En el siglo XX, se ha producido un formidable esfuerzo por la mejora de la calidad de vida de todos y los avances logrados, muchos de ellos sin retroceso, hemos de ser honestos, sin posibilidad de retroceso. En la primera parte del siglo pasado, los partidos de izquierdas hicieron suya la vida y la lucha de la clase obrera. Fueron los artífices, los que articularon mecanismos formales y legales que fortaleció la igualdad en las sociedades democráticas. Tanto fue el logro que, para muchos, dejó sin sentido la lucha de clases. El concepto ha quedado erradicado de muchos espacios de opinión.

En contraposición, la derecha, o la social democracia según corresponda, se convirtió en el brazo político de la clase acomodada, la burguesía incipiente y los empresarios. Con distinta composición de fuerzas, con diverso discurso según los territorios, pero han sido en las últimas décadas el adalid de la propiedad privada y la articuladora de que siga existiendo el acaparamiento de poder en pocas manos.

La mejora de los derechos ha conseguido que los hijos de los obreros tengan sanidad y salud pública, que se hayan convertido en universitarios, en clase administrativa, en cuerpo funcionarial y en autónomos y pequeños empresarios. Esto es, para una amplísima mayoría, su renta sigue dependiendo del trabajo de sus manos, pero el confort del que disfrutan los equipara con el concepto tradicional de burguesía.

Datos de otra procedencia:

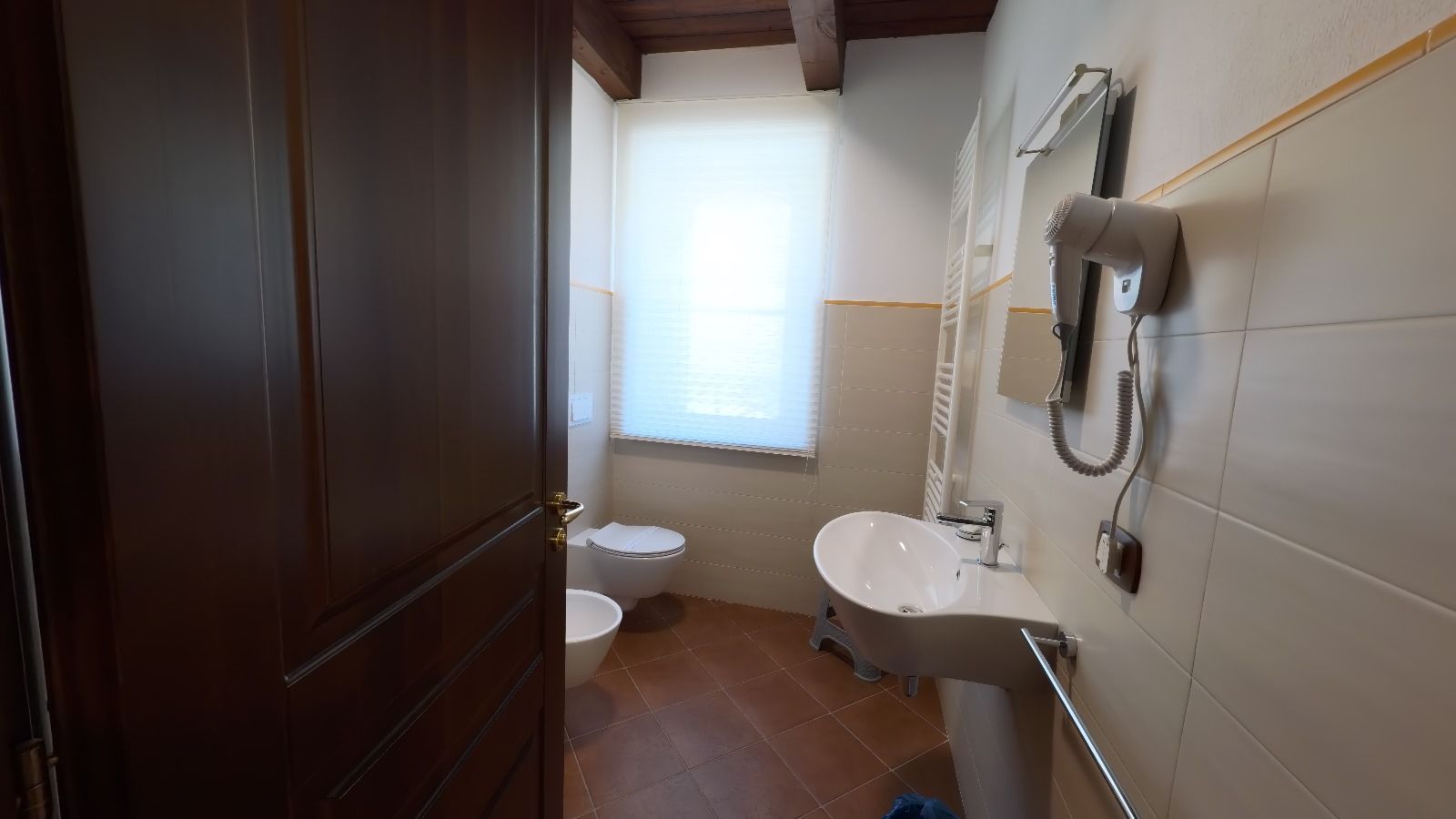 Interno del bagno con lavandino, WC e finestra. Porta marrone sulla sinistra e asciugacapelli a parete.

En este lento pero inexorable trasiego de nivel educativo, sanitario, derechos y condiciones de vida, los partidos tradicionales de izquierda han evolucionado junto a esos hijos de obreros, hoy gran cuerpo social de administrativo-tecnológicos. Asistí hace unos días a un ejercicio revelador. Dos personas pusieron en un papel, de forma paralela y autónoma, el decálogo de cuestiones más importantes y prioritarias en su vida. El ejercicio los intentaba suponer en el supuesto que pudiesen tomar decisiones de gobierno. Cuando las pusieron en común, coincidieron en nueve. Uno es militante del PSOE, el otro, militante del PP. Los resultados de las encuestas sociológicas a preguntas sobre principales temas que preocupan, áreas de interés y prioridad, etc., si se cruzasen con intención de voto, ofrecerían resultados similares.

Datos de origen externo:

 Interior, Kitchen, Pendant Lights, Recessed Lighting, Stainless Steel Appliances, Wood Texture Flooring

El resultado de la deriva y prioridades de los grandes partidos clásicos, cuyos programas electorales, discursos y prioridades se han centrado en esta preocupación colectiva, es, que en la crucial crisis económica y social sufrida en la última década, un colectivo más extenso del percibido se ha quedado huérfano de voz, de representantes, de discurso, de relato, de partido político. Unas personas que se siguen sintiendo traicionados por unas instituciones que lo controlan, lo fiscalizan, pero que no les permite alcanzar el grado de bienestar del que se sienten merecedores.

El que no sepa, no quiera leer y enlazar con esta realidad, con esta necesidad, seguirá dando palos de ciego. La izquierda, si quiere recuperar su identidad, su legitimidad, tiene que ser capaz de trabajar, de conectar, de identificarse con los colectivos que hoy, con muchas razones, se sienten defraudados, abandonados, utilizados.

Hay que rescatar la voz de la calle. Esa, sigue hablando de lucha de clases, de derechos básicos, de abusos de la oligarquía de poder. La voz del Pueblo implica trabajar para que todos estemos en la solución, todos seamos iguales. Porque, como decía mi adorada Concha Caballero, a las personas de izquierdas, nos duele el sufrimiento ajeno.